Published 8:45 pm Thursday, September 4, 2008

By Staff
Shelters are being equipped
Staff Writer
Although Tropical Storm Hanna is hundreds of miles away, Beaufort County emergency-management officials are planning for the worst.
On Wednesday, as they planned for the worst, they were hoping for the best. That planning — and hoping — came during a planning session at the county’s emergency operations center off Highland Drive in Washington.
Beaufort County Emergency Management Coordinator John Pack addressed the officials, mapping out the county’s current plan for preparing for Hanna.
The county has designated Northside High School, Southside High School and P.S. Jones Middle School as hurricane-evacuation shelters, with Washington High School as an overflow first alternative.
Northside and Southside’s generators will be up and running if need be, while P.S. Jones’ generator will take time to power its gym, Pack said.
As for Washington High School, Pack said, “I don’t anticipate for this storm that we will need it.”
Pack is concerned about too many evacuees going to Northside because of the potential evacuation of Hyde County, which does not have an evacuation shelter.
Because of that possibility and the threat of flooding in low-lying Belhaven, the Northside shelter opens at noon Friday, if need be, Pack said.
A hangar at Warren Field Airport will serve as the main distribution point for recovery supplies for Beaufort County, according to Pack. He thanked Washington Fire- Rescue-EMS-Inspections Department Chief Jimmy Davis for organizing the distribution point.
Assistance, if needed, will be provided at the distribution point by the Greater Pamlico Chapter of the American Red Cross, Beaufort County United Way and, if need be, the N.C. National Guard.
Assistance from the Red Cross will be limited, though, because of cleanup efforts related to Hurricane Gustav.
Pack said area fire stations also could serve as distribution points for dispersing recovery supplies to storm victims.
When it comes to feeding evacuees, according to Pack, “The schools will use the food they have on site.”
The Beaufort County Water Department has also done its part in preparing for Hanna.
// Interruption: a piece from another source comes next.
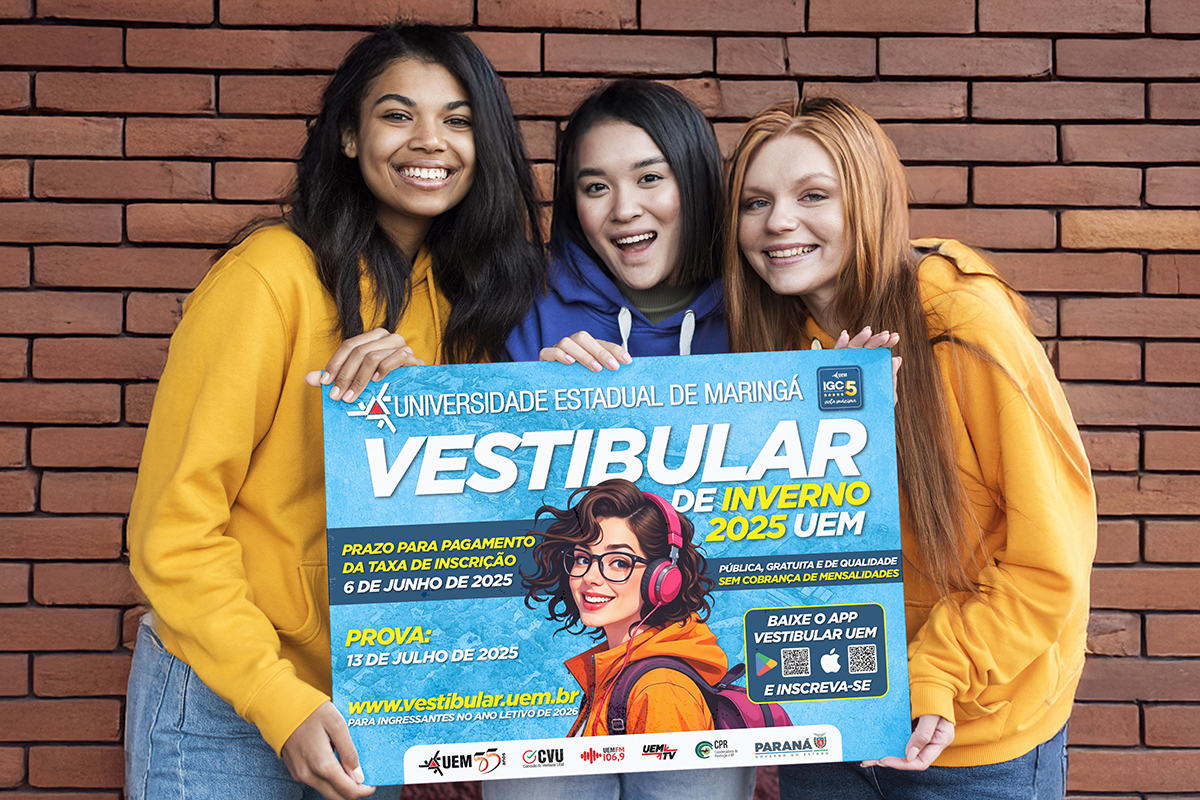 UEM divulga concorrência do Vestibular de Inverno; medicina tem 628 candidatos por vaga Crédito: UEM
The department is stockpiling water.
Belhaven has enough water on hand to last about one and a half days if it loses its water-production capability, according to Town Manager Guinn Leverett.
The worst-case scenario, according to Pack, is that the county loses U.S. Highway 17 to flooding.
To make sure that the south side of the Pamlico River is not left without protection and resources in the wake of a storm, Beaufort County Fire Marshal Curtis Avery will be stationed in a command trailer at the Chocowinity Fire Department.
Hanna is expected to make landfall north of Wilmington on Saturday morning, according to Pack. Pack hopes to have damage assessment teams in the county by Sunday morning, if they are needed.
He reminded area emergency-response officials to send documentation of any damage to the Federal Emergency Management Agency, which reimburses local governments for some of their disaster-relief expenditures.
Pack also gave a few tips about going outside in the aftermath of a major storm.
Pack explained that standing water could conceal hazardous objects from view.
He also said, “Assume every downed power line is hot,” encouraging the officials to notify the public and their employees about those tips.
Pack expects the local emergency-response officials to meet for a briefing Friday evening.